◆ What is needed
Leave out all pictures while you copy the lines exactly from the one with "206 - A 9CT" through the last line of the listing.

◆ Dataset extract
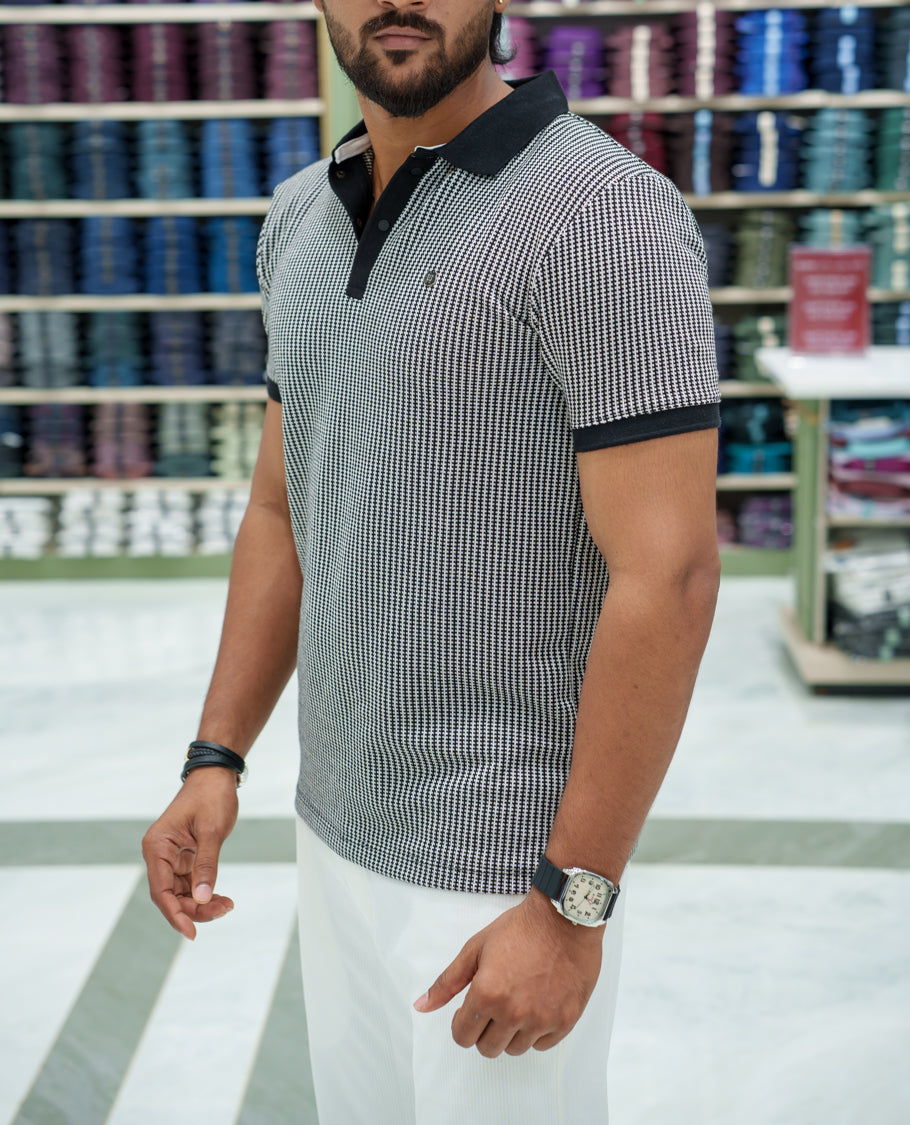 Black Striped Cotton-Blended T-Shirt Comes with Half-Sleeves, a Polo Collar, a Slim Fit, and Regular Length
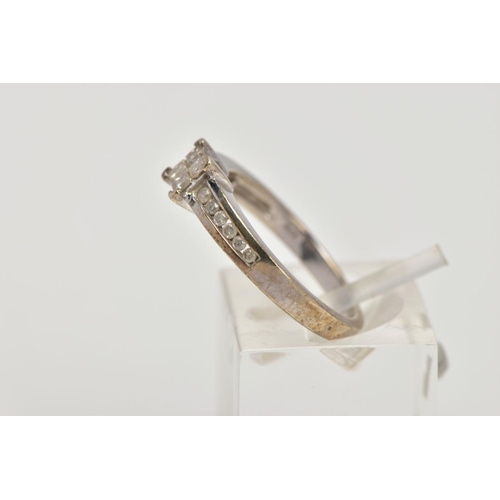 206 - A 9CT WHITE GOLD DIAMOND RING, designed as a central square of four princess cut diamonds with six b... 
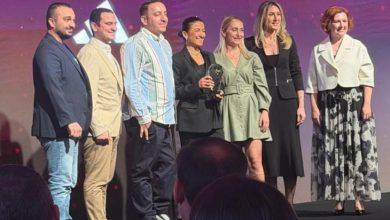 Bir sahnede yan yana dizilmiş yedi kişilik bir grup görülüyor. Hepsi şık ve modern kıyafetlerle poz veriyor. Ortadaki iki kişi küçük, cam görünümlü bir ödül objesini birlikte tutuyor. Arka planda mor ve pembe tonlarda ışıklı bir sahne efekti var. Ön planda ise izleyici siluetleri seçiliyor. Tören atmosferi belirgin.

◆ Expected answer
 206 - A 9CT WHITE GOLD DIAMOND RING, designed as a central square of four princess cut diamonds with six b... 
 Bir sahnede yan yana dizilmiş yedi kişilik bir grup görülüyor. Hepsi şık ve modern kıyafetlerle poz veriyor. Ortadaki iki kişi küçük, cam görünümlü bir ödül objesini birlikte tutuyor. Arka planda mor ve pembe tonlarda ışıklı bir sahne efekti var. Ön planda ise izleyici siluetleri seçiliyor. Tören atmosferi belirgin.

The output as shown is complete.